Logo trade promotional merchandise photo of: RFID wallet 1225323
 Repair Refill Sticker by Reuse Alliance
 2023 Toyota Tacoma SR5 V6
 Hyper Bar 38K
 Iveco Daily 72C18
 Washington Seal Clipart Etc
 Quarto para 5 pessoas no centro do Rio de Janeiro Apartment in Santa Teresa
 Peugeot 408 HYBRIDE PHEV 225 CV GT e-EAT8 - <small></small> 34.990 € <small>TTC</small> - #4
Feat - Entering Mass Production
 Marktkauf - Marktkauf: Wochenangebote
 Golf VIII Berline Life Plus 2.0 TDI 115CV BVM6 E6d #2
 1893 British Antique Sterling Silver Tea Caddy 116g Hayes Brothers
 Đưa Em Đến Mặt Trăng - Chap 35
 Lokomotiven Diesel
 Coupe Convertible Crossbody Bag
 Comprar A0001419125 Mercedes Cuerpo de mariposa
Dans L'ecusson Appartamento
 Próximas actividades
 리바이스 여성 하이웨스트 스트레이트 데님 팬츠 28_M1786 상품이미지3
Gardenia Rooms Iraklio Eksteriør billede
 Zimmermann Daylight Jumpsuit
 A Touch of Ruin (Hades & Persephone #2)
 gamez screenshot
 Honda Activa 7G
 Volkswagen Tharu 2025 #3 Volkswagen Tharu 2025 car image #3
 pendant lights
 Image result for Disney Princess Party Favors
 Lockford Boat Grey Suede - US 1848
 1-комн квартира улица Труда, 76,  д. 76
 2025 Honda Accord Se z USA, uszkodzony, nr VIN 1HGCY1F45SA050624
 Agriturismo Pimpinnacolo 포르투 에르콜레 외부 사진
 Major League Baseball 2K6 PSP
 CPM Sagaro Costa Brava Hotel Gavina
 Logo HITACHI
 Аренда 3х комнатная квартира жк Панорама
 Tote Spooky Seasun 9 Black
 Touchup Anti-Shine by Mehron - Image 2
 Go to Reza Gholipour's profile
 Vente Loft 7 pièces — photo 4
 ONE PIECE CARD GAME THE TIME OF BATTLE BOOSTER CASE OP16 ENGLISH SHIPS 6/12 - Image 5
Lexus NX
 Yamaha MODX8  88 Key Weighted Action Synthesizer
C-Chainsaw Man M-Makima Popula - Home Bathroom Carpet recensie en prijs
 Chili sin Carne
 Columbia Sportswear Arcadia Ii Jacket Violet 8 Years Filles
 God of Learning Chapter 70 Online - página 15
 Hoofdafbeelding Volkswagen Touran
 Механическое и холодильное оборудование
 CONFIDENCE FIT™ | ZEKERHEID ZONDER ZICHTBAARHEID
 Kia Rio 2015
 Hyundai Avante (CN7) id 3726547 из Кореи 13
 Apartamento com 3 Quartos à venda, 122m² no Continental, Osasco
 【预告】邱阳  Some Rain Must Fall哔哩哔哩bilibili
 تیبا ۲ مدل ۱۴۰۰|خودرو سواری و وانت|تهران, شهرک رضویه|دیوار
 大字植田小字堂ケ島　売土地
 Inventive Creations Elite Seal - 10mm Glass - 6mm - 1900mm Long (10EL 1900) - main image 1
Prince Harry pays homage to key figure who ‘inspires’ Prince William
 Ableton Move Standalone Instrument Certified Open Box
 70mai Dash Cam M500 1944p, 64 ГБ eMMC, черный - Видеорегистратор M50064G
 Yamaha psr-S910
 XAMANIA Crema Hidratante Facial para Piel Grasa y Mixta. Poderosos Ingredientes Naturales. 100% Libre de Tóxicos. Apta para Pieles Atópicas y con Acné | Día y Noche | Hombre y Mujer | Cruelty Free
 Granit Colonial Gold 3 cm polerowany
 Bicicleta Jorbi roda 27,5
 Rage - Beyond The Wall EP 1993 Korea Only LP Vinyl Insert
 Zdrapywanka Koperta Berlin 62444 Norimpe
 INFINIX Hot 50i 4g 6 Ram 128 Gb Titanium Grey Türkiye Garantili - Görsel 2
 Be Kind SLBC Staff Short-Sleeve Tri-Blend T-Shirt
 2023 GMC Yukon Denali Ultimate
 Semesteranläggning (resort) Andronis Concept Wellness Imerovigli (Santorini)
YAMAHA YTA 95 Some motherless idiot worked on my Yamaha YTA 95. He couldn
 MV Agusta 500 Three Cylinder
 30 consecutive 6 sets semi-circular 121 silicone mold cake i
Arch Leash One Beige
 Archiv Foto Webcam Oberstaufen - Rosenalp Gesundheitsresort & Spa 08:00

::::::::

**Problem statement**.
Please print verbatim each line from the first line of the entries above to the line that contains "Próximas actividades", inclusive, and nothing more.

**Task output**.
Logo trade promotional merchandise photo of: RFID wallet 1225323
 Repair Refill Sticker by Reuse Alliance
 2023 Toyota Tacoma SR5 V6
 Hyper Bar 38K
 Iveco Daily 72C18
 Washington Seal Clipart Etc
 Quarto para 5 pessoas no centro do Rio de Janeiro Apartment in Santa Teresa
 Peugeot 408 HYBRIDE PHEV 225 CV GT e-EAT8 - <small></small> 34.990 € <small>TTC</small> - #4
Feat - Entering Mass Production
 Marktkauf - Marktkauf: Wochenangebote
 Golf VIII Berline Life Plus 2.0 TDI 115CV BVM6 E6d #2
 1893 British Antique Sterling Silver Tea Caddy 116g Hayes Brothers
 Đưa Em Đến Mặt Trăng - Chap 35
 Lokomotiven Diesel
 Coupe Convertible Crossbody Bag
 Comprar A0001419125 Mercedes Cuerpo de mariposa
Dans L'ecusson Appartamento
 Próximas actividades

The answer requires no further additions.